Castle above Kaub, Germany

Gutenfels Castle (Burg Gutenfels), historically known as Caub Castle or Kaub Castle, is a castle located 110m above the town of Kaub in Rhineland-Palatinate, Germany.

==History==
Gutenfels Castle was built in 1220. It first appears in historical documents in 1257 owned by the Falkenstein family. The castle along with the fortified town of Kaub became part of the Electorate of the Palatinate in 1277. Gutenfels Castle worked alongside Pfalzgrafenstein Castle in the middle of the Rhine and Kaub on the opposite bank to control the waterway and collect tolls for the Holy Roman Emperor. It has been known as Gutenfels Castle since being unsuccessfully besieged in 1504 by Landgrave William II of Hesse as part of the War of the Succession of Landshut.

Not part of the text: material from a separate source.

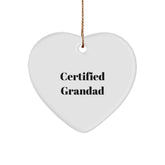 Grandad Gifts: Funny Quotes, Heart Ornament, Gifts from Men to Grandad, Perfect for Christmas, Unique Heart Ornament for Grandad, Certified Grandad Quote, Heartfelt Gift Ideas for Grandads - Image 1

In 1793 Gutenfels Castle was garrisoned by several companies of Palatine veterans when it surrendered relatively intact to French revolutionary forces. In 1803 it passed to the Duchy of Nassau with the dissolution of the Holy Roman Empire. The Nassau government planned to utilise the castle as a workhouse and prison however were ordered by Napoleon in 1806 to dismantle and disarm it. The castle was partially demolished between 1805 and 1807. Weapons and artifacts were distributed to nearby castles, the moat was filled in and walls were sold for stone in late 1807.

Prussia purchased the area in 1866 and ended this toll in 1867.

The castle was rebuilt between 1889 and 1892.

The castle is part of the Rhine Gorge, a UNESCO World Heritage Site added in 2002. The castle transitioned from a hotel into private ownership in 2006.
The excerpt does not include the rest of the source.